Kendra Espinoza, a single mom who works extra jobs in order to send her kids to a Christian school in Kalispell, challenged the Department of Revenue’s ruling in court. The case is currently on the Supreme Court’s docket for this term.
During oral arguments, conservative justices like Alito and Kavanaugh brought up the Court’s decision in Trinity Lutheran v. Comer, which held that forcing a church school to choose between “[participating] in an otherwise available benefit program or [remaining] a religious institution” violated the Free Exercise clause.
Unsurprisingly, the liberal justices disagreed.
What was surprising is that the editorial board of the Washington Post came out on the side of Espinoza. Using scholarships at private, religious schools was not only a parent’s right, the editorial board wrote, but using them didn’t “undermine” or “harm” public education or the state, “contrary to many of the tropes advanced by those opposed to school choice.”
The Post also called out the hypocrisy of upper-middle class opponents to these kinds of programs by noting that, “People with means take for granted the ability to choose their child’s school by paying tuition or moving to communities with quality schools.” So why begrudge people like Kendra Espinoza the same opportunity?
It’s not often I find myself in complete agreement with the editorial board of the Washington Post! I’m old enough to remember when the very existence of Christian educational alternatives was threatened by government entities. Oh yeah, we are all old enough…such threats are still very much a reality, especially in California.

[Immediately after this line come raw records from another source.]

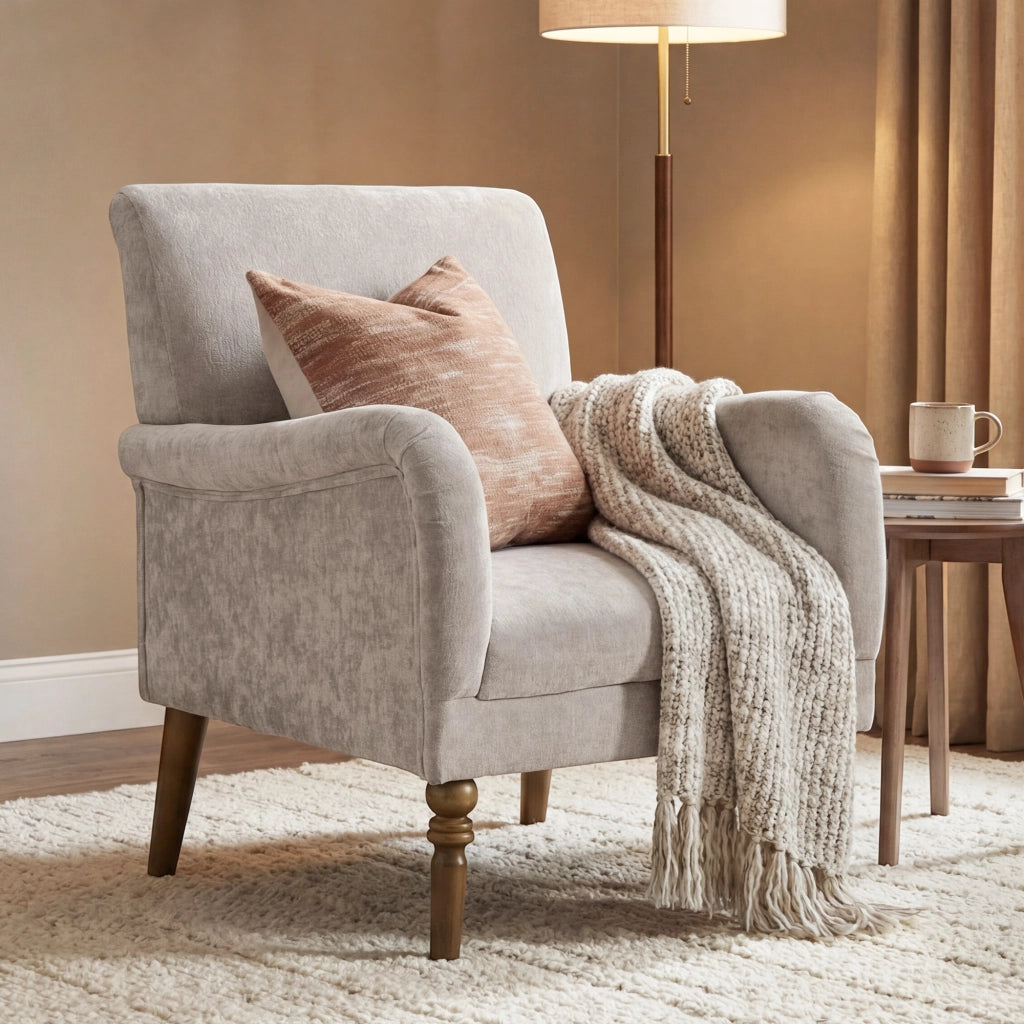 Poltrona ¨C Minimal ¨C Tessuto Grigio, Legno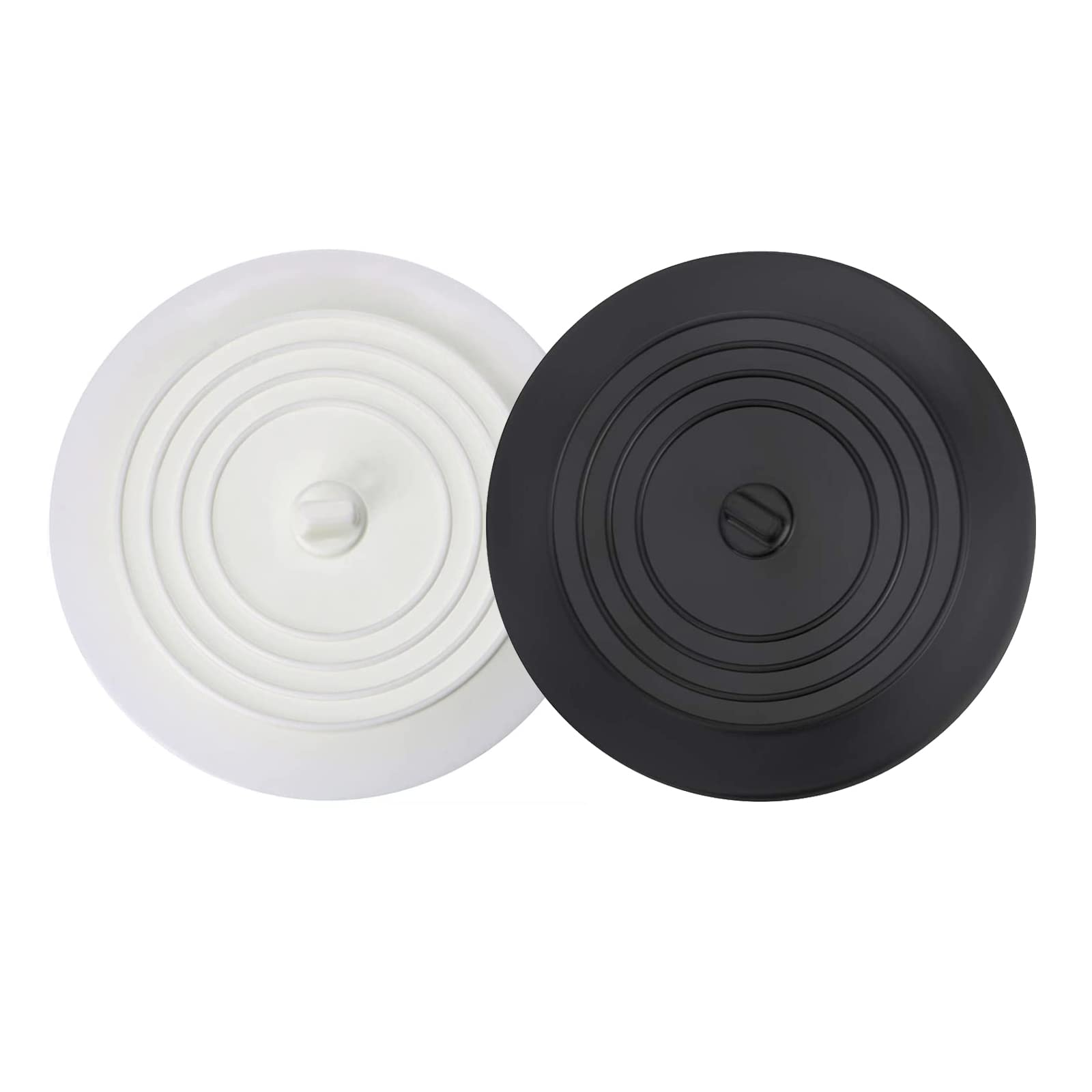 VBNZBK 2 Pack Silicone Tub Stopper, Universal Bath Plug,6 Inches Drain Stopper Cover for Kitchen, Bathroom, Laundries(Black and Gray)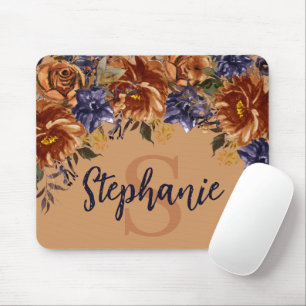 Terrakotta Marineblau Aquarell Blumenmonogramm  Mousepad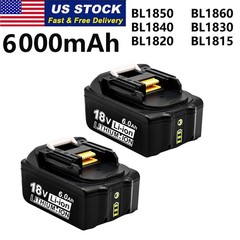 2 Pack 6.0Ah 18V For Makita LXT Lithium-Ion BL1840 BL1850 BL1860B Tool Battery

The truth is, government-imposed ideologies, especially so-called SOGI (sexual orientation and gender identity) legislation, very much threaten the future of Christian educational institutions. Still, I hold great hope for their futures, and not only because this crucial Montana case is being heard in our recently remade Supreme Court. It’s because Christians are currently bringing an incredible amount of innovation and creativity to the realm of education.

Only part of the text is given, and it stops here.